Source : Kula-Pacurar, A., et al. Visualisation du SARS-CoV-2 à l’aide de l’hybridation in situ par immunofluorescence ARN. J. Vis. Exp. (166), (2020).

Cette vidéo démontre l’application de l’hybridation par réaction en chaîne (HCR)-hybridation in situ en fluorescence (FISH) pour visualiser la distribution spatiale de l’ARN subgénomique du SARS-CoV-2. La combinaison de l’HCR avec des techniques d’immunofluorescence a le potentiel de fournir des informations sur les interactions hôte-virus au niveau de la cellule unique.

Protocol

1. ARN-FISH du SARS-CoV-2 dans les cellules Vero cultivées sur lamelles

JOUR 1

Cellules de fixation et de perméabilisation
1. Fixer les cellules infectées avec une solution de PFA à 3,7 % p/v pendant 1 h à RT.
2. Aspirez la solution PFA à 3,7 % et lavez les cellules deux fois à l’aide de 1 PBS.
3. Perméabiliser les cellules avec une solution de PBST pendant 10 min à RT avec agitation.
4. Aspirez le PBST et lavez les cellules deux fois avec 1x PBS.
détection
1. Aspirez la solution 1x PBS et lavez les cellules deux fois avec 2x SSC à RT.
2. Aspirez la solution SSC 2x et préhybridez les échantillons en ajoutant au moins 300 μL de tampon d’hybridation de sonde. Couvrez les puits contenant les cellules et incubez à 37 °C pendant 30 min.
3. Préparez la solution de sonde en ajoutant 1,2 pmol de mélange de sonde au tampon d’hybridation de la sonde.
  1. Utilisez 1,2 μL de la sonde de 1 μM pour préparer 300 μL de matériel de travail.
4. Retirez la solution de préhybridation et transférez les lamelles dans une chambre humidifiée.
  1. Pipeter 30 à 50 μL de solution de sonde sur du parafilm pour former des gouttelettes individuelles.
5. Incuber les échantillons pendant la nuit (12-18 h) à 37 °C.

JOUR 2

Transférez les lamelles dans une plaque à 12 puits et éliminez l’excès de solution de sonde en lavant pendant 4 x 5 min avec 400 μL de tampon de lavage de sonde à 37 °C
note: Au lieu de placer des aliquotes de 30 à 50 μl sur le parafilm et sous les lamelles pour l’incubation, ajoutez 300 μL de solution de sonde directement sur les lamelles dans une plaque à 12 puits. Cette procédure est plus simple mais nécessite des quantités substantielles de réactifs.

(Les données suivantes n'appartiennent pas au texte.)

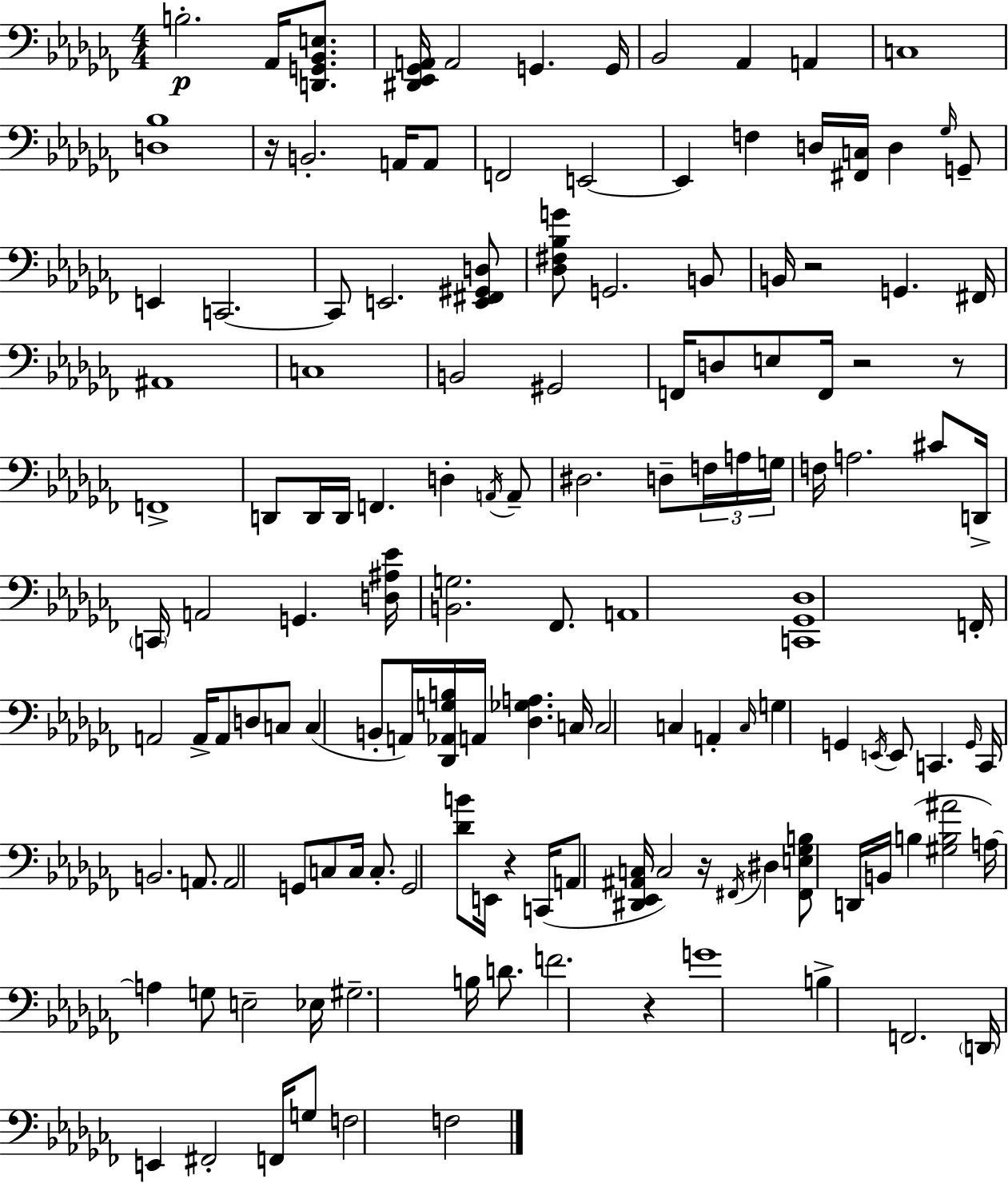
{
  \clef bass
  \numericTimeSignature
  \time 4/4
  \key aes \minor
  \repeat volta 2 { b2.-.\p aes,16 <d, g, bes, e>8. | <dis, ees, ges, a,>16 a,2 g,4. g,16 | bes,2 aes,4 a,4 | c1 | \break <d bes>1 | r16 b,2.-. a,16 a,8 | f,2 e,2~~ | e,4 f4 d16 <fis, c>16 d4 \grace { ges16 } g,8-- | \break e,4 c,2.~~ | c,8 e,2. <e, fis, gis, d>8 | <des fis bes g'>8 g,2. b,8 | b,16 r2 g,4. | \break fis,16 ais,1 | c1 | b,2 gis,2 | f,16 d8 e8 f,16 r2 r8 | \break f,1-> | d,8 d,16 d,16 f,4. d4-. \acciaccatura { a,16 } | a,8-- dis2. d8-- | \tuplet 3/2 { f16 a16 g16 } f16 a2. | \break cis'8 d,16-> \parenthesize c,16 a,2 g,4. | <d ais ees'>16 <b, g>2. fes,8. | a,1 | <c, ges, des>1 | \break f,16-. a,2 a,16-> a,8 d8 | c8 c4( b,8-. a,16) <des, aes, g b>16 a,16 <des ges a>4. | c16 c2 c4 a,4-. | \grace { c16 } g4 g,4 \acciaccatura { e,16 } e,8 c,4. | \break \grace { g,16 } c,16 b,2. | a,8. a,2 g,8 c8 | c16 c8.-. g,2 <des' b'>8 e,16 | r4 c,16( a,8 <dis, ees, ais, c>16 c2) | \break r16 \acciaccatura { fis,16 } dis4 <fis, e ges b>8 d,16 b,16 b4( <gis b ais'>2 | a16~~) a4 g8 e2-- | ees16 gis2.-- | b16 d'8. f'2. | \break r4 g'1 | b4-> f,2. | \parenthesize d,16 e,4 fis,2-. | f,16 g8 f2 f2 | \break } \bar "|."
} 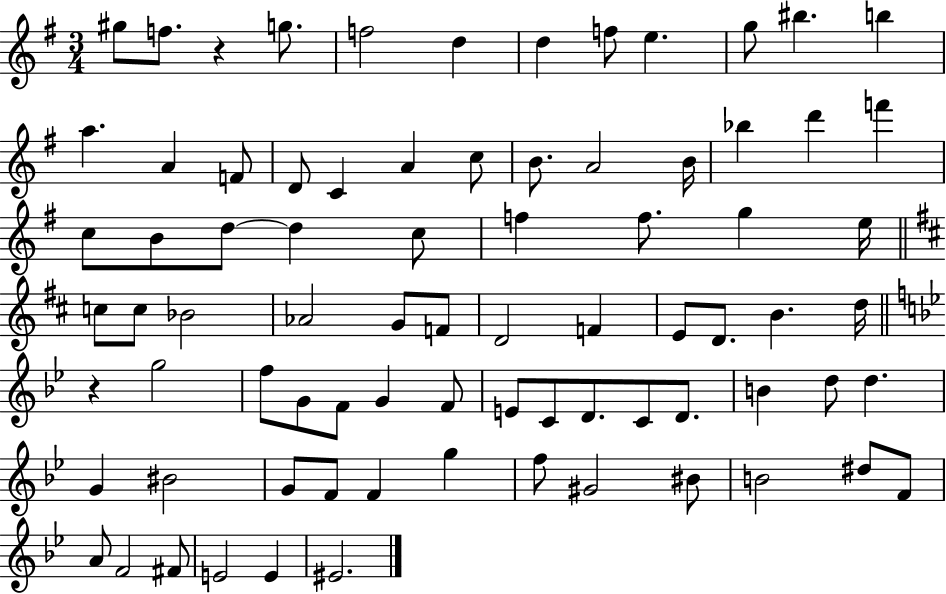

Chauffez le tampon de lavage de la sonde à 37 °C avant utilisation. Calculez la quantité de tampon nécessaire et transférez-la dans un tube à centrifuger conique de 15 ml.
Laver les échantillons pendant 2 x 5 min avec 5x SSCT à RT.
Remplacez la solution SSCT 5x par 1x PBS et stockez les échantillons à 4 °C jusqu’à l’amplification.

3. Amplification

Retirez la 1x solution PBS des puits et ajoutez au moins 300 μL de tampon d’amplification dans chaque puits. Incuber les échantillons pendant 30 minutes à RT.
Préparez chaque épingle à cheveux HCR (h1 et h2) en refroidissant par enclenchement le volume souhaité dans des tubes séparés.
1. Pour préparer 300 μL de solution d’amplification, utilisez 18 μL de chaque épingle à cheveux (p. ex., pour 300 μL, utilisez 6 μL d’une solution mère d’épingle à cheveux de 3 μM).
2. Transférez la solution d’épingle à cheveux dans des tubes.
3. Incuber à 95 °C pendant 90 s.
4. Laisser refroidir à RT pendant 30 min dans l’obscurité.
Préparez un mélange d’épingles à cheveux en ajoutant les épingles à cheveux « h1 » et « h2 » refroidies par pression au tampon d’amplification.
Déposer des gouttes de 30 à 50 μL de mélange d’épingle à cheveux sur le parafilm.
Incuber les échantillons pendant la nuit (12-18 h) dans l’obscurité à RT.

JOUR 3

Transférez les lamelles dans la plaque à 12 puits et retirez l’excédent d’épingles à cheveux en lavant pendant 5 x 5 min avec 5x SSCT à RT avec agitation.
Aspirez la mémoire tampon SSCT 5x et remplacez-la par 1x PBS.
note: Si nécessaire, utilisez les échantillons ARN-FISH dans un test d’immunofluorescence standard, suivi d’une coloration des noyaux (voir rubrique 1.4).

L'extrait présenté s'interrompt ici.